### WORK INSTRUCTION
Below are some records; return each one exactly.

[EXERCISE DATA — start]

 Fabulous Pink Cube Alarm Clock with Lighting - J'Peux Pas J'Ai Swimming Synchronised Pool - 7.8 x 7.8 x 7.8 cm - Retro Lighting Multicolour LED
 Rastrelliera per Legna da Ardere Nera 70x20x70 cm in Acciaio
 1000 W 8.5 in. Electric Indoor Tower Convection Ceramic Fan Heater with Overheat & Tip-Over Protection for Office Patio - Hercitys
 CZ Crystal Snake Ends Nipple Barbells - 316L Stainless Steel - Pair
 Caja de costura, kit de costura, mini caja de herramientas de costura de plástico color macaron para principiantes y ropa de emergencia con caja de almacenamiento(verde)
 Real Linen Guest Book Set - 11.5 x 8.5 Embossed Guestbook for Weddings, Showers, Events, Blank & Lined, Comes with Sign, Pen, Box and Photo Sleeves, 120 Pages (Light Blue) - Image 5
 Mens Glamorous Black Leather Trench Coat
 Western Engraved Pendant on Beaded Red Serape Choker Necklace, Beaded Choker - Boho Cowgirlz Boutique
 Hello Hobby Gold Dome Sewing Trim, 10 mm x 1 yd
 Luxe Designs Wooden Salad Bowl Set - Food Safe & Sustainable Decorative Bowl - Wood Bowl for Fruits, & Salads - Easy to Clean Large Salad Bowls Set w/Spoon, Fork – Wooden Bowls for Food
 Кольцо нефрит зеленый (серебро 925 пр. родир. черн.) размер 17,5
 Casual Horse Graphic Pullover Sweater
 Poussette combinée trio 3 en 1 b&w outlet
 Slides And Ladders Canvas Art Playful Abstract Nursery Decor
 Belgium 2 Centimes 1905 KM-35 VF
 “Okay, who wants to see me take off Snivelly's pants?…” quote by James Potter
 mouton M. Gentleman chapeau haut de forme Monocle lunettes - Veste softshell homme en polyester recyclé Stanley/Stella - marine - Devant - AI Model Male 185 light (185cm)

[EXERCISE DATA — finish]

### RESULT OF THE TASK
 Fabulous Pink Cube Alarm Clock with Lighting - J'Peux Pas J'Ai Swimming Synchronised Pool - 7.8 x 7.8 x 7.8 cm - Retro Lighting Multicolour LED
 Rastrelliera per Legna da Ardere Nera 70x20x70 cm in Acciaio
 1000 W 8.5 in. Electric Indoor Tower Convection Ceramic Fan Heater with Overheat & Tip-Over Protection for Office Patio - Hercitys
 CZ Crystal Snake Ends Nipple Barbells - 316L Stainless Steel - Pair
 Caja de costura, kit de costura, mini caja de herramientas de costura de plástico color macaron para principiantes y ropa de emergencia con caja de almacenamiento(verde)
 Real Linen Guest Book Set - 11.5 x 8.5 Embossed Guestbook for Weddings, Showers, Events, Blank & Lined, Comes with Sign, Pen, Box and Photo Sleeves, 120 Pages (Light Blue) - Image 5
 Mens Glamorous Black Leather Trench Coat
 Western Engraved Pendant on Beaded Red Serape Choker Necklace, Beaded Choker - Boho Cowgirlz Boutique
 Hello Hobby Gold Dome Sewing Trim, 10 mm x 1 yd
 Luxe Designs Wooden Salad Bowl Set - Food Safe & Sustainable Decorative Bowl - Wood Bowl for Fruits, & Salads - Easy to Clean Large Salad Bowls Set w/Spoon, Fork – Wooden Bowls for Food
 Кольцо нефрит зеленый (серебро 925 пр. родир. черн.) размер 17,5
 Casual Horse Graphic Pullover Sweater
 Poussette combinée trio 3 en 1 b&w outlet
 Slides And Ladders Canvas Art Playful Abstract Nursery Decor
 Belgium 2 Centimes 1905 KM-35 VF
 “Okay, who wants to see me take off Snivelly's pants?…” quote by James Potter
 mouton M. Gentleman chapeau haut de forme Monocle lunettes - Veste softshell homme en polyester recyclé Stanley/Stella - marine - Devant - AI Model Male 185 light (185cm)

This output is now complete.